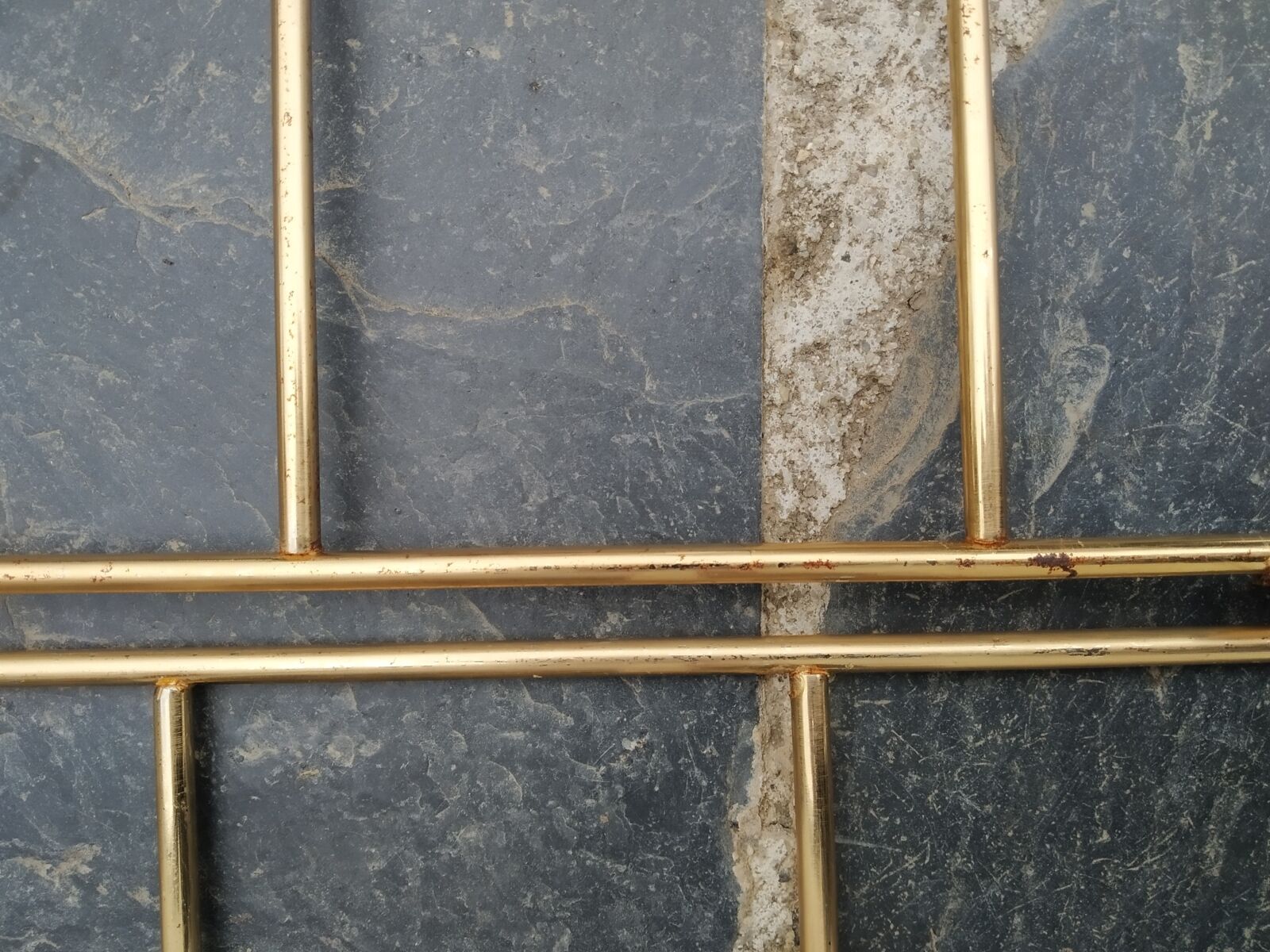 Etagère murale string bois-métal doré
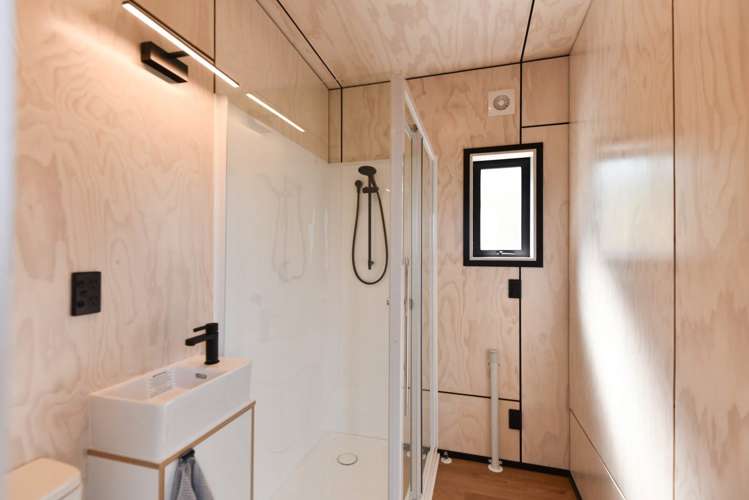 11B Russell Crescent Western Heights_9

...

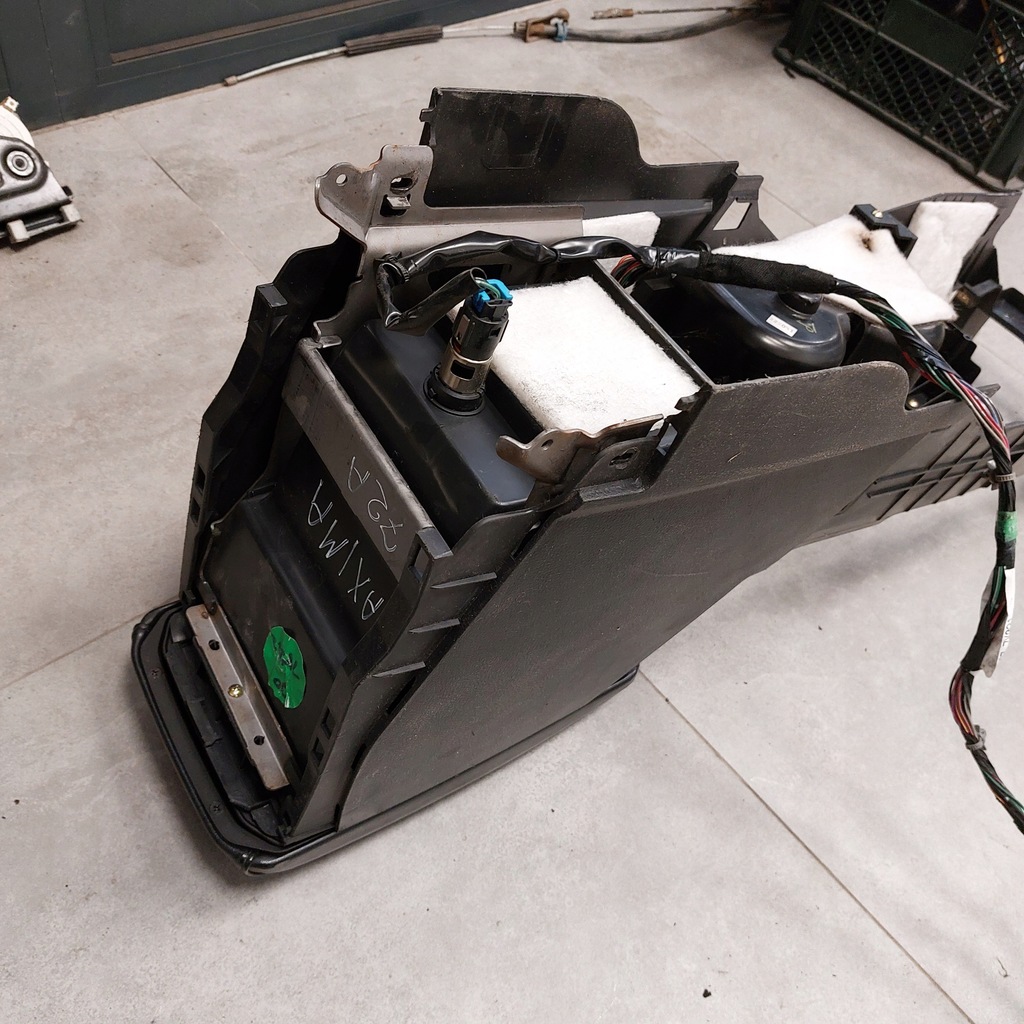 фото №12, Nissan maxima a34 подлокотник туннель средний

--

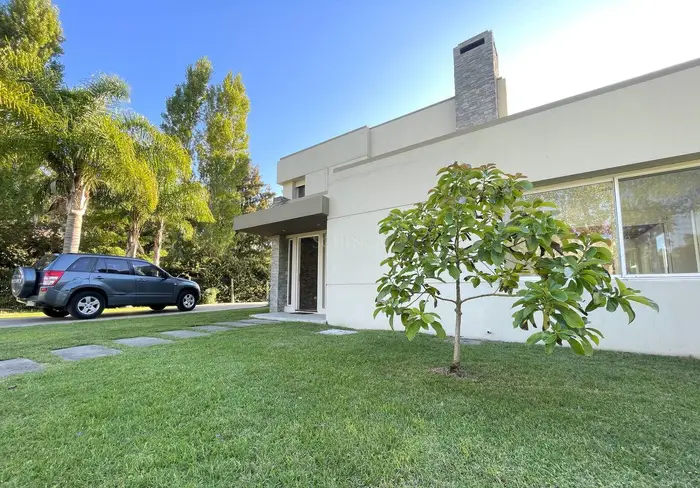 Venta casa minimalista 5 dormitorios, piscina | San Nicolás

ASSIGNMENT
From the material above, output only the span of lines that starts at the one containing "Etagère murale string bois-métal doré" and finishes at the one containing "11B Russell Crescent Western Heights_9", word for word and free of pictures.

EXPECTED ANSWER
 Etagère murale string bois-métal doré
 11B Russell Crescent Western Heights_9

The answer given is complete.